Now equate that to any work place. When you have 4 workers, one boss and no inbetween is fine, communication is quick and simple, 4 people can all fit in the boss's office to hear instructions then they can get on with their work. When you reach 512 shaders or workers, imagine them all being instructed individually by one boss... its simple inefficient, by the time you've told person 512 what he should be doing, the people 1 through 500 are all finished and waiting for something else to do.
SO you have managers(clusters) and you subdivide the work, and at various stages you keep subdividing work to keep communication balanced between efficient and not too many subdivisions.
With AMD we had clusters, then the clusters themselves got split into two separate halfs because there were too many clusters, then we got geometry engines doubled, and doubled again for the next generation.
Modules is simply that, its utterly inefficient to contact 8 different cores at the kinds of power, bandwidth and transistor count that entails, at some stage you have to say, this data path will be doubled, but have 2 cores at either end, because transistors aren't just used for the data, its like a motor way, to make a road you need a pavement, power lines go along them, banks get built to absorb noise, lighting network is laid down, phone cables, emergency stuff, hard shoulder. That is all the same amount of work if there are 4 lanes, or 1 lane, its more efficient to have less fatter communication lines in a cpu, than many smaller ones.
Modules WILL have for Intel, and AMD, and in the future it will happen more. Suddenly a module will be 2 cores, but there will be a cluster, with 4 modules in, and 4 clusters, thats how we'll get to more cores, and beyond that, we'll get 2 cores, in 4 modules, in 4 clusters, which are in two compute units.
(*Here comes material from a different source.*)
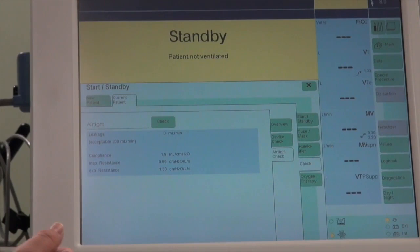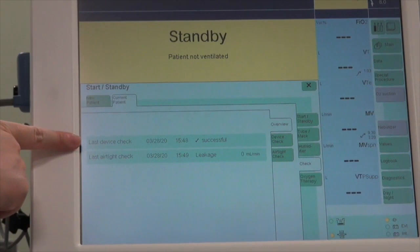After both tests have been done, you can go to Overview. It will tell you the last device check was done at today's date and time, that it was successful, and that there is zero leakage.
This is how chips have and always will work.
This is what cores are for one thing, cpu's started off with one integer pipe, then you have 3 integer pipes, then you had two cores for 2 sets of integer pipes rather than 6 int pipes in one core. Its all the same principle, and always has been.
With Bulldozer people ignored stuff said LONG before it was released, firstly Intel dominates the market and controls the most used compilers and is a distinct disadvantage for any new chip from AMD for a significant portion of time, likewise the first chip in any new architecture is usually pretty terrible. Memron/Yonah were pretty terrible compared to the first desktop Core architecture, which are pretty crap compared to now. Bulldozer HAS improved over time to better optimisation of software, OS and individual pieces.
The most crucial thing that people are ignoring, is simply that Bulldozer was designed to be an HSA compliant APU of the future, it integrates MANY idea's like reducing FPU power because ARM, AMD and Intel are all moving towards gpu offloading of FPU calculations, which already happens, is happening more and is gaining the software stack to push to optimise in the industry.
I said at the time, before and after release, a year before release. You can't plough what is likely in excess of a couple of billion into a design for an architecture and optimise it for the software available on the day of release, you optimise it for the software coming in the years afterwards.
Look up the HSA foundation, the sheer and absolute industry support, ARM is well on board, AMD is onboard, the first HSA chips are being launched this year, HSA might be a very big reason AMD got both the PS4 and Xbox(supposedly) win, which is already being predicted to basically increase AMD's quarterly revenue by around 25%, which is huge for one project and one win.
Bulldozer was not in any way a chip designed for 2010, at all, in any way, nor the software available in 2010, anyone with half an ounce of sense can see that spending a couple billion of cash you can barely afford on software of 2010 when the entire industry is moving towards accelerating as much as possible, reducing power and interchangable IP.